Speaker
Description
The problem of mass diffusion in layered systems has relevance to applications in different scientific disciplines, e.g., chemistry, material science, and biomedical engineering. The mathematical challenge in these type of model systems is to match the solutions of the time-dependent diffusion equation in each layer, such that the boundary conditions at the interfaces between them are satisfied. In the talk, I will present a new computational approach to multi-layer diffusion problems [1]. In this approach, the probability distribution function (PDF) is computed from a large ensemble of independent stochastic trajectories. These are generated using the accurate GJF (Gronbech-Jensen & Farago) Langevin integrator [2], which is supplemented with algorithms for the transitions between the layers. We consider the most general Kedem-Katchalsky interfacial condition that incorporates: (i) a discontinuity in the diffusion coefficient, (ii) a semi-permeable membrane, and (iii) a step-function chemical potential. The utility and accuracy of the algorithm is demonstrated by two examples: (1) A simple two-layer model of diffusion from a drug-eluting stent [3], and (ii) the diffusion of a particle from a non-confining square potential well [4].
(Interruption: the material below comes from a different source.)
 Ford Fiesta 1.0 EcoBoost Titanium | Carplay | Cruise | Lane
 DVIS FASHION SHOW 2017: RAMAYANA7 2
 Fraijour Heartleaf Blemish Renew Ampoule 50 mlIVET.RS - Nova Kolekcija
[1] O. Farago, Algorithms for Brownian dynamics across discontinuities, J. Comput. Phys. 423, 109802 (2020).
[2] N. Gronbech-Jensen and O. Farago, A simple and effective Verlet-type algorithm for simulating Langevin dynamics, Mol. Phys. 111, 983 (2013).
[3] O. Farago and G. Pontrelli, A Langevin dynamics approach for multi-layer mass transfer problems, Comput. Biol. Med. 124, 103932 (2020).
[4] O. Farago, Thermodynamics of a Brownian particle in a non-confining potential, cond-mat arXiv:2101.05599, to appear in Phys. Rev. E (2021).